Stand on the sidewalk and look at that porch for a second. Four presidential campaigns ended right there.
Walking the Village
Late afternoon sunlight in downtown Rhinebeck.
Rhinebeck's downtown is small and dense. That is what makes it fun.
The shops are high end and independent. You will not find much in the way of chains.
There are high end clothing stores. Cabin Fever Outfitters is small but has a lot of Hudson Valley items. Oblong Books is huge, far bigger than we expected for a village this size.
Our main problem was being in downtown while many of the stores were open. We tended to stop downtown for breakfast and dinner but were out sightseeing during the day.
Old Rhinebeck Aerodrome
The Aerodrome is technically in neighboring Red Hook, a few minutes north of the village. It is a living museum of very old airplanes, and they still fly them.
There are four hangars.
The first is a wide assortment of aircraft with heavy emphasis on Lindbergh memorabilia. There are old cars in there too, and period clothing.

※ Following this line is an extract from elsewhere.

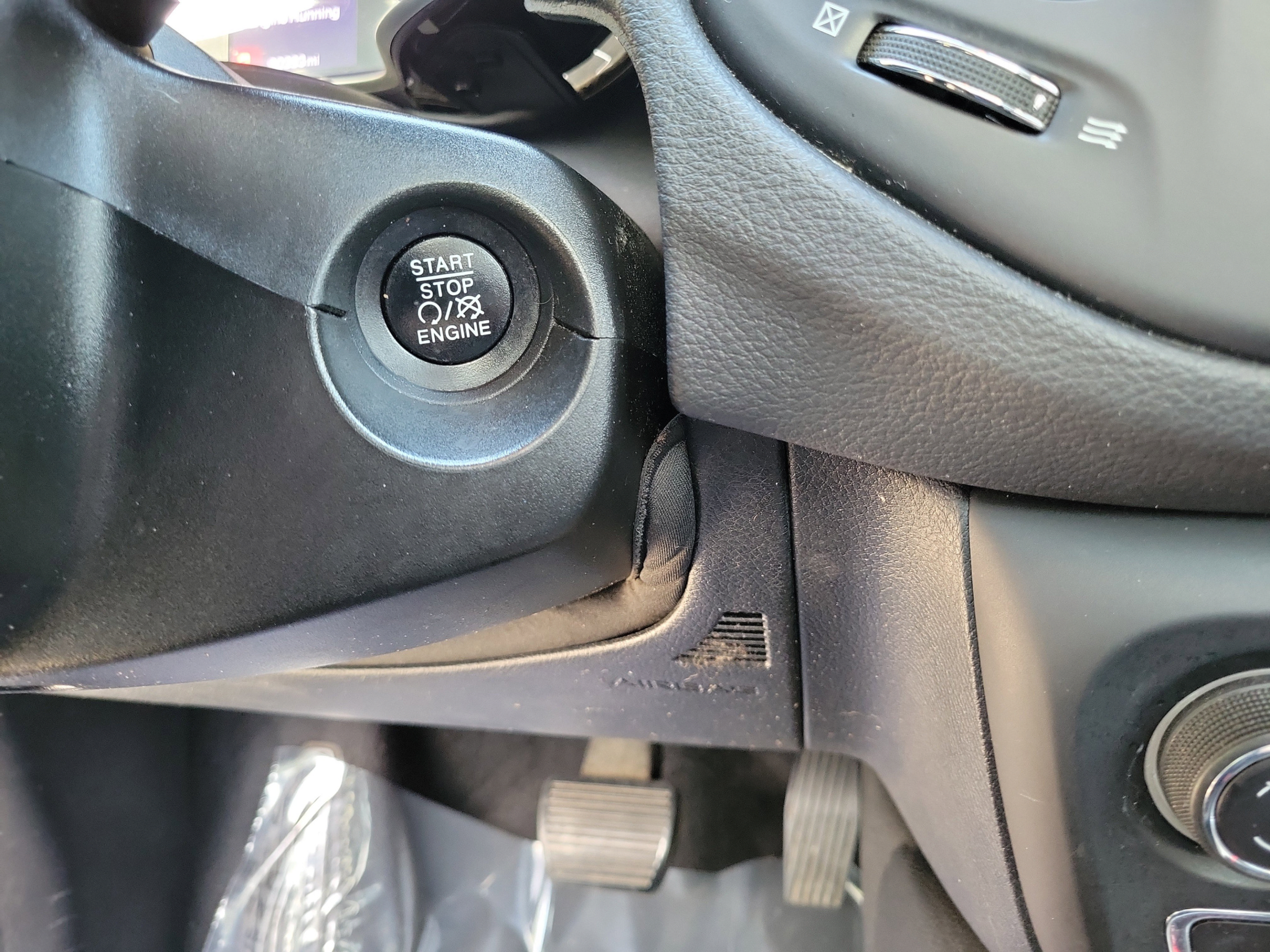 Used 2019 Jeep Compass Latitude w/ Cold Weather Group AWD/4WD image 20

The second covers the early days of flying and the Wright brothers era.
The third is World War I.
The fourth is what they call the Golden Age, roughly 1919 to 1940. There is an impressive variety of planes from different countries.
What Makes It Special
They play 1920s music in the hangars. It sets the mood completely.

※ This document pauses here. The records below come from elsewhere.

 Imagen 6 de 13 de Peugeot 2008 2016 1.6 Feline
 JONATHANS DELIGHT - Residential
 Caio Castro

You really feel like you are stepping back in time.
This is not a modern, slick presentation. It is a bit of a shoestring operation. And honestly, that adds to the whole experience.
There is more than just airplanes to see on exhibit.
The Air Shows
Air shows run on weekends from late June through mid October, weather permitting. Gates open at 10am and the flying starts in the early afternoon.
Saturday and Sunday are different shows. Saturday covers the history of flight. Sunday is their World War I dog fight show, complete with a villain called the Black Baron of Rhinebeck.
We visited on a weekday so we missed the air shows but they sound like a lot of fun.
Debbie took a “free” ride but she didn’t get far 😂.
Biplane Rides
You can go up in a vintage open cockpit biplane.
The 15 minute Hudson River flight runs about $150 per person. There is also a 30 minute lighthouse tour at about $300 per person, currently offered on weekdays only.
| Ticket | Adult | Senior 65+ | Youth |
|---|---|---|---|
| Air Show Weekend | $35 | $26 | $16 (ages 6–17) |
| Weekday Museum Only | $15 | $10 | $10 |
| Biplane Ride (15 min) | About $150 per person. Views of the Hudson. | ||
| Biplane Ride (30 min) | About $300 per person. Lighthouse tour, weekdays only. | ||
Wilderstein
There is no charge to walk the grounds of Wilderstein.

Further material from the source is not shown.